Open to the public for 1 hour before and after festival events

Audio-visual installation

Adomas Zubė

In the 19th century, according to a strict arboricultural plan, the dunes of the Curonian Spit were planted with mountain pines, intended to help contain the sand that was covering the villages of local inhabitants as well as flowing into the entrance to the Klaipėda port. This extensive project created a new view of the spit, densely covered with forest. After more than a hundred years, the vast tracts of mountain pines, having outgrown their natural lifespan and become toughened, have turned as flammable as gunpowder.

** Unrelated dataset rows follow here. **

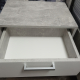 review photo № 1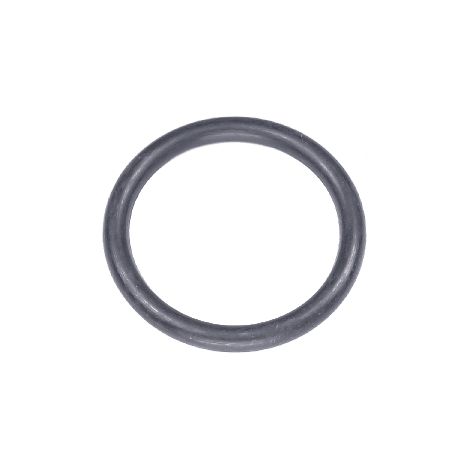 Pompe Gardena Joint torique 26.58x3.53 1769-20 6000/5 520409301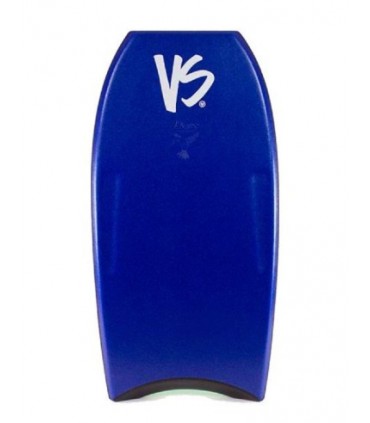 VERSUS WINCHESTER KINETIC PP 2025 - TABLA DE BODYBOARD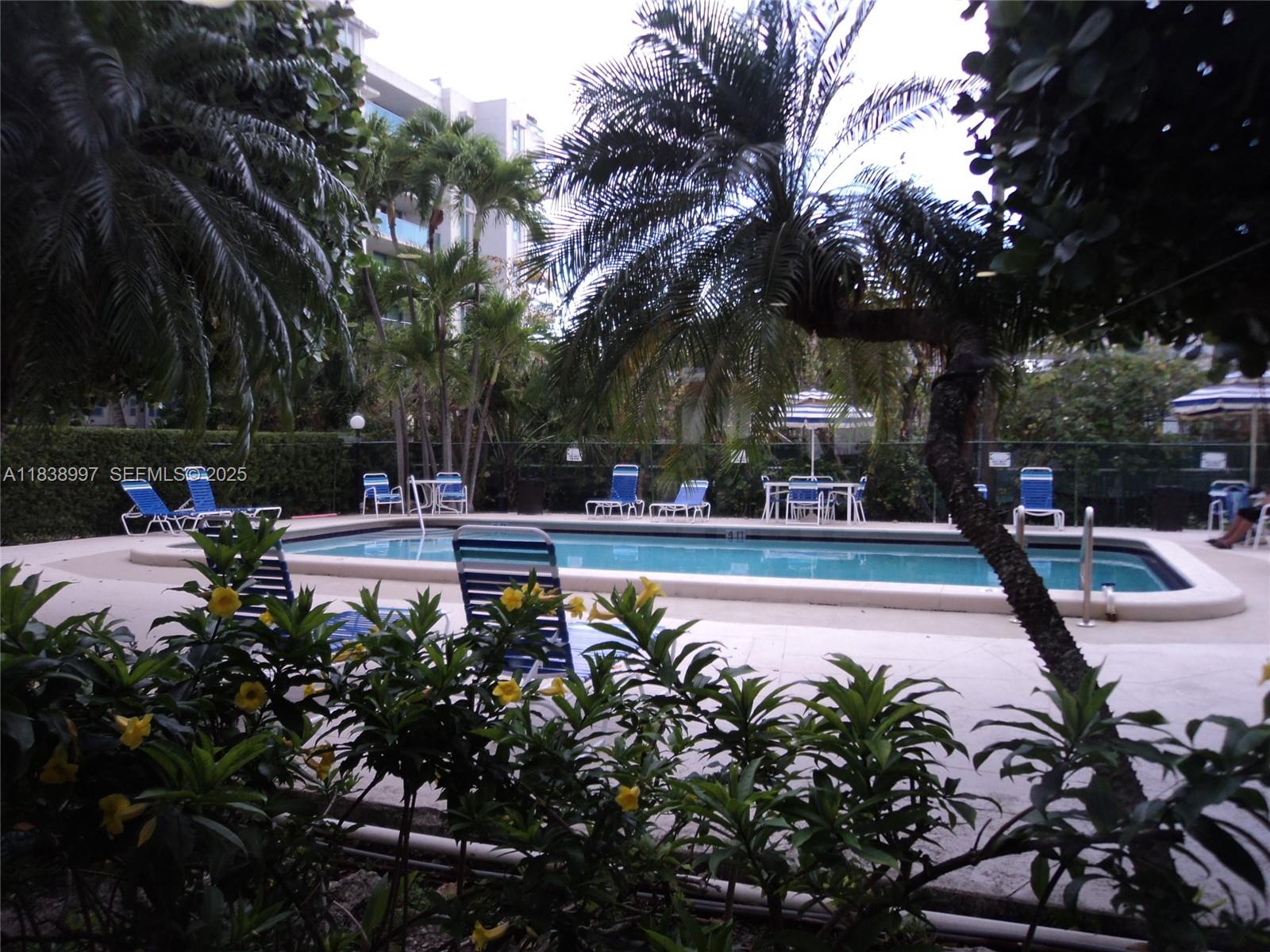 STUART HOMES CONDO - Residential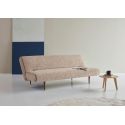 Divano letto design moderno Unfurl Special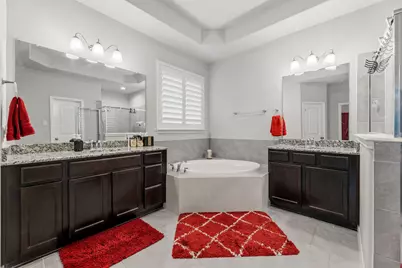 3203 Francisco Bay Place, Katy, TX 77494 - Photo 18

Human-induced fires have burned through significant areas of mountain pine forests in the Curonian Spit multiple times. Each of these fires created charred clearings in the forest, which both the public and foresters were eager to replant. However, according to biologists studying the Curonian Spit, by burning parts of the mountain pine forest the fire has also opened up space for greater biodiversity to develop naturally where previously only mountain pines had dominated. This also has created habitats for endangered birds.

Fire is commonly perceived as a destructive force. Uncontrolled wildfires, which are becoming more frequent due to climate change, destroy a great deal of valuable vegetation and natural habitats. However, according to environmental historian Stephen J. Pyne, we have too much of the wrong kind and too little of the right kind of fire. Fire, even in cases like this, acts as a natural forester, destroying cultural landscapes but creating space for natural ones to thrive.

Sound journalist and artist Adomas Zubė, in collaboration with the Nida folk dance group “Kalnapušė”, continues the research that began in the “Neringa Forest Architecture” residency organized by the Nida Art Colony, and presents a sound-based memory room, a space telling the story of the 2014 mountain pine forest fire in the Curonian Spit. Conversations with those who fought the fire, along with voices, dance, a harmonium, and field recordings from the burn site, are woven into a chorus that narrates the natural and human loss.